▶ [Exercise goal]: Print word for word the first line of the listing below and every line after it, through the line with "I comb through". Leave out the pictures and the rest.

▶ [Given material]:
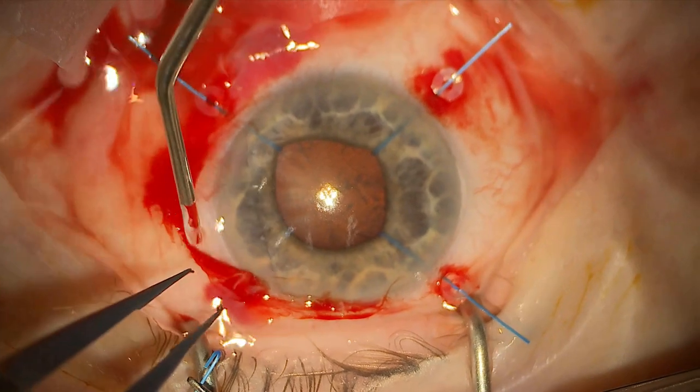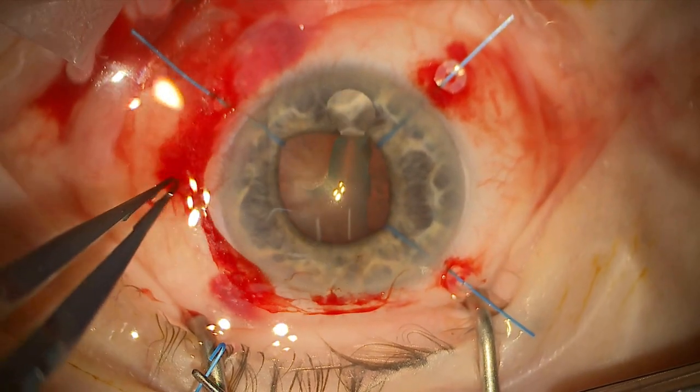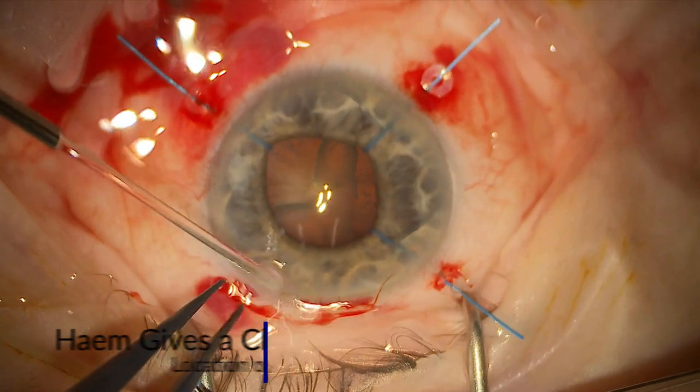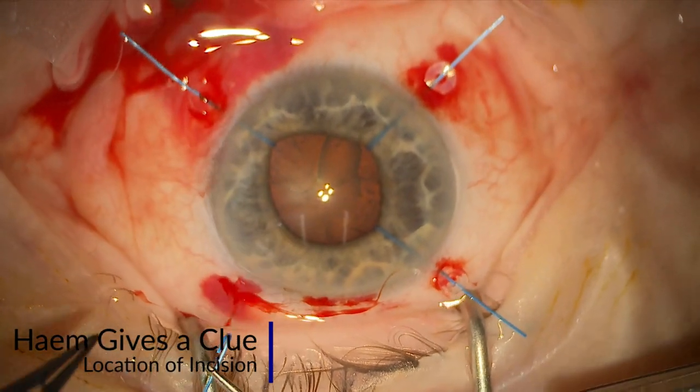After you've made your incisions, it can sometimes be quite tricky to remember where they are, so use the hemorrhage as a guide. You can see it gives a bit of a clue — after I clear things up here — where the incision is.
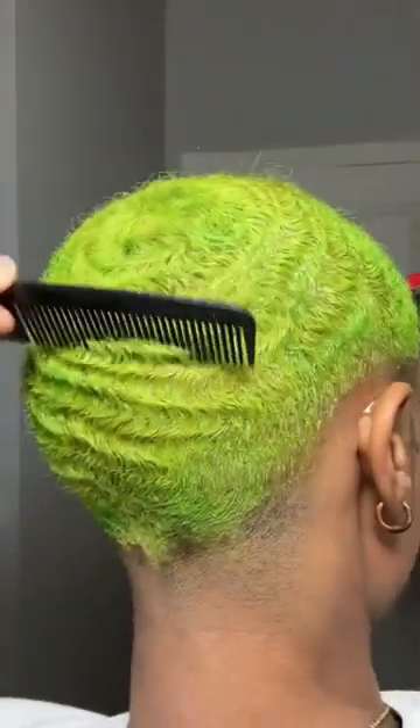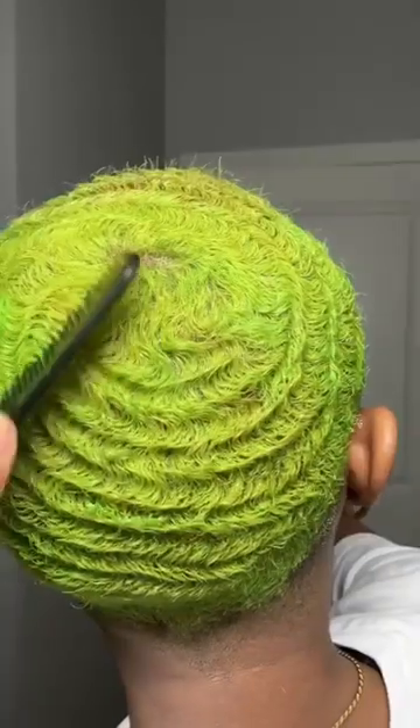I comb through to make sure that it gets all the way down to my roots, even though my hair is super short.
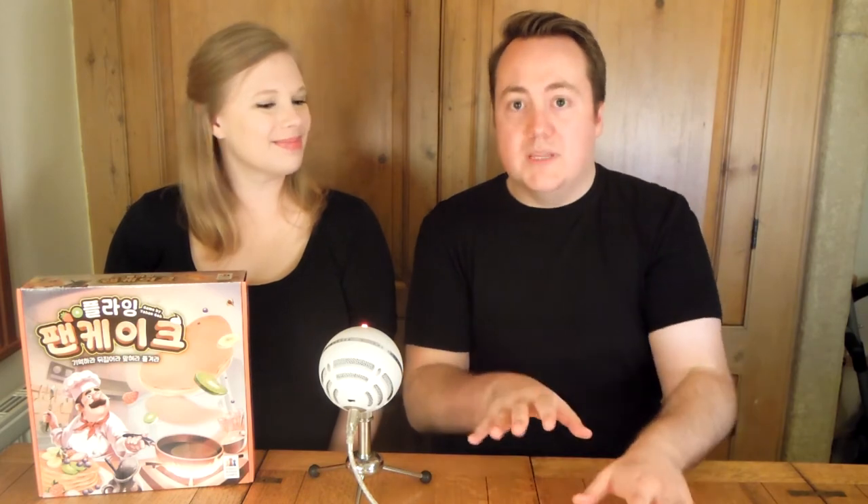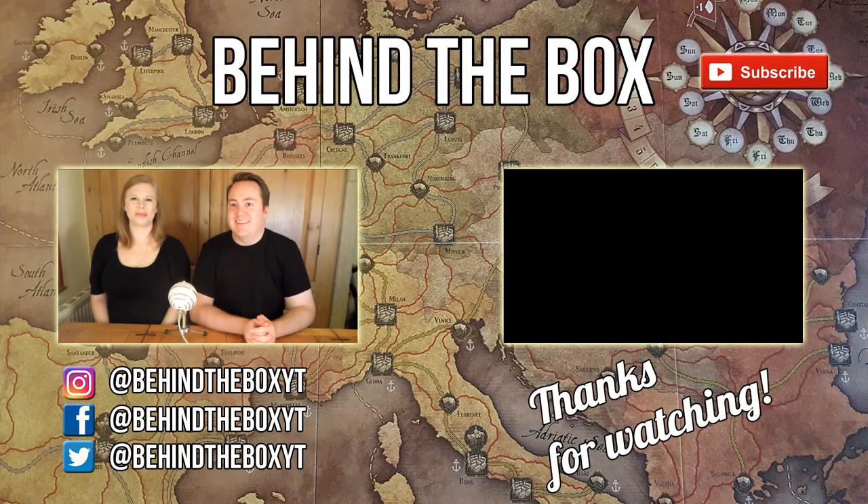Huge thank you to Sweet Lemon for sending us a copy of this game. If you go check them out at Essen, have a look at this game and tell us what you think. I'll leave all the links to the game and Sweet Lemon in the description, as well as our social media. Until the next video, we'll see you soon!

▶ [Worked solution]:
After you've made your incisions, it can sometimes be quite tricky to remember where they are, so use the hemorrhage as a guide. You can see it gives a bit of a clue — after I clear things up here — where the incision is.
I comb through to make sure that it gets all the way down to my roots, even though my hair is super short.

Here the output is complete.